The report concludes that the UK aviation industry contributes £18.4 billion to the UK economy, and employs 234,000 people. Now I'm not the best at sums, but £30 billion doesn't equal £18.4 billion, and 700,000 is not the same as 234,000. So where's the extra jobs and cash coming from?

This is all a bit complicated, so bear with me while I try and explain my confusion.

  1. The industry is currently supposed to be worth £18.4 billion and employing 234,000 people. These figures are pretty huge, and have historically been arrived at using all sorts of fiscal gymnastics, such as including anyone employed near an airport doing things vaguely related to the industry as directly employed by them. But let's take the figures at face value for a second.
  2. No global deal means we lose £30 billion and 700,000 jobs - figures far greater than the industry is supposed to be worth to the economy. These figures are forecasts: i.e. they are numbers made by projecting current earnings and employment levels into the future.
  3. They have to do this calculation twice: once for 'what the industry would be worth with a deal' and once for 'what the industry would be worth without a deal'. In the former, the rate of annual growth must be higher: i.e. there must be more planes and more airlines making more profit with a global deal than without (otherwise the global deal would lose the industry money).
  4. Both scenarios assume a particular rate of growth. This rate of growth is basically the multiplier you apply to the present figure to work out what the given value for the industry's output in year 20XX will be. Both growth rates, and I cannot stress this enough, are chosen by the consultants (normally based on past trends) and cannot account for real life factors, like the massive recession we're currently in, or the impact of CO2 limits on airlines.
  5. The industry would need to be worth substantially more than £30 billion at this arbitrary point in the future from which they are measuring. It has to be worth more than £30 billion because otherwise there wouldn't be an industry left - which is too far-fetched for even a report of this poor quality.
  6. Both valuations are fictional because they are entirely based on forecasts. The industry might be worth X in the future, and it might also be worth Y, but neither scenario is guaranteed.
  7. In other words, the report's authors have picked two numbers from the ether, declared one to be the value of the industry without a global deal, and one to be the value of the industry without a deal. They've then announced the difference between the two as the impact of the deal on the UK economy. (Ditto for job creation.)

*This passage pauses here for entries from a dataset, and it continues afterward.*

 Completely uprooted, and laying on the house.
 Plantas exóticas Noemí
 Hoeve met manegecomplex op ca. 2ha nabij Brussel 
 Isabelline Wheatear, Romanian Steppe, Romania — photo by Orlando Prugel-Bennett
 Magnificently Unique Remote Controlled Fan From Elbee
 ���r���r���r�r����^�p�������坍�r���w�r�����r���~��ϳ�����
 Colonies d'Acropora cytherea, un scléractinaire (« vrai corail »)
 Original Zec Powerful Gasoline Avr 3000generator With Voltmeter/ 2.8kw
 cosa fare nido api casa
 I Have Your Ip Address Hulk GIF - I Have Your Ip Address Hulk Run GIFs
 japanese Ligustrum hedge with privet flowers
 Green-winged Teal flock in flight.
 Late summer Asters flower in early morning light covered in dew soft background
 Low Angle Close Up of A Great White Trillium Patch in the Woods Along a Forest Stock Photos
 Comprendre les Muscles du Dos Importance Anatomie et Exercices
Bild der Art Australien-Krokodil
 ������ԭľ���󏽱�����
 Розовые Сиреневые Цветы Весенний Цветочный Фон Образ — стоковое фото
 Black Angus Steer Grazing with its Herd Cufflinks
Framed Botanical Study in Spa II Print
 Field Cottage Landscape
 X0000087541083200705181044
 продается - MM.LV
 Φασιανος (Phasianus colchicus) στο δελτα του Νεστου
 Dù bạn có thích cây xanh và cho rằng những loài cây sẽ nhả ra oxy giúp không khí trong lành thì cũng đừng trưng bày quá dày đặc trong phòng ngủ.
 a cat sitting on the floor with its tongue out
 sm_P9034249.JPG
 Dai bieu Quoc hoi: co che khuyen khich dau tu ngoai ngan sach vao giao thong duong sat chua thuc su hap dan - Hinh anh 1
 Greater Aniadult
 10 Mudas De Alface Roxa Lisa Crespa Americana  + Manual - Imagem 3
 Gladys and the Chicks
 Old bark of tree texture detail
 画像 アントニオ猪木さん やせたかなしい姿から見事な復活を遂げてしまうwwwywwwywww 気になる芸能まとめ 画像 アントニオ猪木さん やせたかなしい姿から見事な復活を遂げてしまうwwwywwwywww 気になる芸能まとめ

This is a very long-winded way of saying that this report is a pile of nonsense, littered with completely insane predictions and madcapped ideas of what the future will look like. Back of a fag packet doesn't really cut it: whichever analyst cobbled this together should be held up as a shining example of how economics doesn't work, and barred from ever writing a economic analysis ever again.

I should also point out that the industry enjoys a £10 billion subsidy because it pays no fuel duty or VAT, and that we have a £20 billion tourism deficit. So an industry worth £18.4 billion (if we take those vested intrests' word for it) is already costing us £30 billion each year - global deal, or no deal.